The Advertising Standards Council of India (ASCI) has come out with a disclaimer for crypto ads to protect investor interests.
ASCI, a self-regulatory body for advertisements, said all ads for virtual digital assets and crypto exchanges must prominently state that “crypto products and NFTs are unregulated and can be highly risky. There may be no regulatory recourse for any loss from such transactions” .
This comes weeks after the government introduced a 30% tax on transfer of virtual digital assets along with 1% TDS in the Union Budget 2022-23.
The advertising watchdog also says that words “currency”, “securities”, “custodian” and “depositories” may not be used in advertisements of VDA products or services as consumers associate these terms with regulated products.
“There is a need to protect consumer/investor interests as users may not be aware of risks arising from this form of trading and investment,” ASCI says. “The market for VDAs is not regulated and can be very volatile, since it is usually not backed by any tangible assets.”
The crypto asset market in India is worth $15 billion and the Indian crypto community may have over six million people or 0.5% of the country’s population, according to a report by CREBACO, a research firm focused on blockchain and cryptocurrencies.
For video ads, the disclaimer should be placed at the end of the advertisement against a plain background and a voice over must accompany the text, the guidelines read. “The voiceover should be at a normal speaking pace and must not be hurried.

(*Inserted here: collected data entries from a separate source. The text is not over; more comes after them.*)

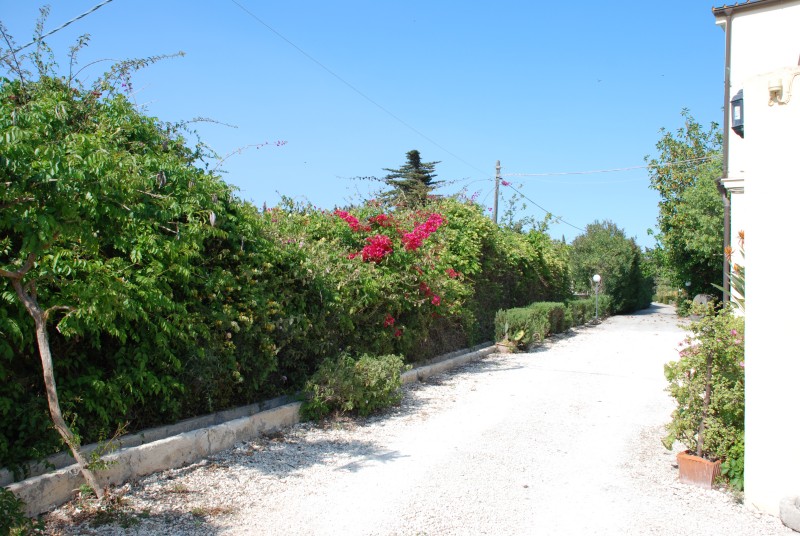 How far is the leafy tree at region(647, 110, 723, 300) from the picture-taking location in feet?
80.5

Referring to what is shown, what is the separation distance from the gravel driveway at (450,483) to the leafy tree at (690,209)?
1871cm

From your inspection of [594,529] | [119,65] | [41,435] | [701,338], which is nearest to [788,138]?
[701,338]

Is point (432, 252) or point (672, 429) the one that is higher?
point (432, 252)

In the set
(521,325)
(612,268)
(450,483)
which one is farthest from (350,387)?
(612,268)

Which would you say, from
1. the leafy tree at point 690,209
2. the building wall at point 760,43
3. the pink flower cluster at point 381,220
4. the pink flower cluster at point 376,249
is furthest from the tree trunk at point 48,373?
the leafy tree at point 690,209

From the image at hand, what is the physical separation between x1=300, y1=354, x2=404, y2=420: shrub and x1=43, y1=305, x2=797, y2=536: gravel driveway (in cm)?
25

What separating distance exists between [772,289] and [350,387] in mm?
4471

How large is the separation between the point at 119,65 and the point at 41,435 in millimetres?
4444

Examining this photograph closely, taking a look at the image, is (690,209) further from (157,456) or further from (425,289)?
(157,456)

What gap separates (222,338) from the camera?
6.06 meters

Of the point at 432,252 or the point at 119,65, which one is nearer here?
the point at 119,65

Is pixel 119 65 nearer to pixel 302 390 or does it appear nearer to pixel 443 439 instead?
pixel 302 390

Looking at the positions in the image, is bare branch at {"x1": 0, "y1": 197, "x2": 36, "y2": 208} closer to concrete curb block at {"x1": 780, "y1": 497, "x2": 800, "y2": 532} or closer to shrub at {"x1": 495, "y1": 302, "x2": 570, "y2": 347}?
concrete curb block at {"x1": 780, "y1": 497, "x2": 800, "y2": 532}

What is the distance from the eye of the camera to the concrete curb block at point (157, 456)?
4074 mm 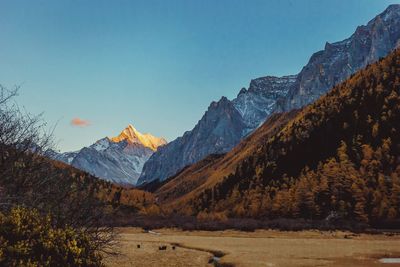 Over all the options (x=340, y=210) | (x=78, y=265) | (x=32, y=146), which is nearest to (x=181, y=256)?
(x=32, y=146)

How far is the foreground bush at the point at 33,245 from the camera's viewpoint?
1348 centimetres

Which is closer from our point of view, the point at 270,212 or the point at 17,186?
the point at 17,186

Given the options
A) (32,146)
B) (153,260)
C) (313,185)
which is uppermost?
(313,185)

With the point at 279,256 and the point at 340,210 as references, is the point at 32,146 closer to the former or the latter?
the point at 279,256

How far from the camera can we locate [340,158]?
189 m

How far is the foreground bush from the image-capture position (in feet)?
44.2

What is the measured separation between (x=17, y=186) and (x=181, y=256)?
125 ft

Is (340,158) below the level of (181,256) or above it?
above

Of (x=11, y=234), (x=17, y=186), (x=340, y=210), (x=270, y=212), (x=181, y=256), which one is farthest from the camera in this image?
(x=270, y=212)

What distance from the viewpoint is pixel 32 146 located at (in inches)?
1124

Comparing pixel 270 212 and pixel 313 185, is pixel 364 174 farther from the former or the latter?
pixel 270 212

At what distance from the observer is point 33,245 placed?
14055 mm

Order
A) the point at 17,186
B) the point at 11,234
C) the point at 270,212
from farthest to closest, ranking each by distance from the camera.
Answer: the point at 270,212
the point at 17,186
the point at 11,234

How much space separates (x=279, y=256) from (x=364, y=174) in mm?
122049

In the case of long format video of over two minutes, the said disclaimer should be repeated at the beginning and at the end of the video. The disclaimer must remain on screen for a minimum of five seconds.”
The self-governing body said such a disclaimer must be carried in both the caption as well as any picture or video attachments for social media posts.
For print ads, the disclaimer should be equal to at least 1/5th of the advertising space at the bottom of the advertisement in an easy-to-read font, against a plain background, the guidelines say.
These guidelines will be applicable to all advertisements released or published on or after the April 1, 2022.
“Advertisements that provide information on the cost or profitability of VDA products shall contain clear, accurate, sufficient and updated information,” ASCI says. “For example, ‘zero cost’ will need to include all costs that the consumer might reasonably associate with the offer or transaction.”
To protect gullible investors, information on past performance “shall not be provided in any partial or biased manner”, according to the guidelines. “Returns for periods of less than 12 months shall not be included,” the rules state.
Here are some other key guidelines issued by ASCI:
No advertisement shall contain statements that promise or guarantee future increase in profits.
No advertisement may show that understanding VDA products is so easy that consumers do not have to think twice about investing. Nothing in the ad should downplay the risks associated with the category.
Since this is a risky category, celebrities or prominent personalities who appear in VDA advertisements must take special care to ensure that they have done their due diligence about the statements and claims made in the advertisement, so as not to mislead consumers.
VDA products may not be compared to any other asset class which is regulated.
Every advertisement for VDA products must clearly give out the name of the advertiser and provide an easy way to contact them (phone number or email). This information should be presented in a manner that is easily understood by the average consumer.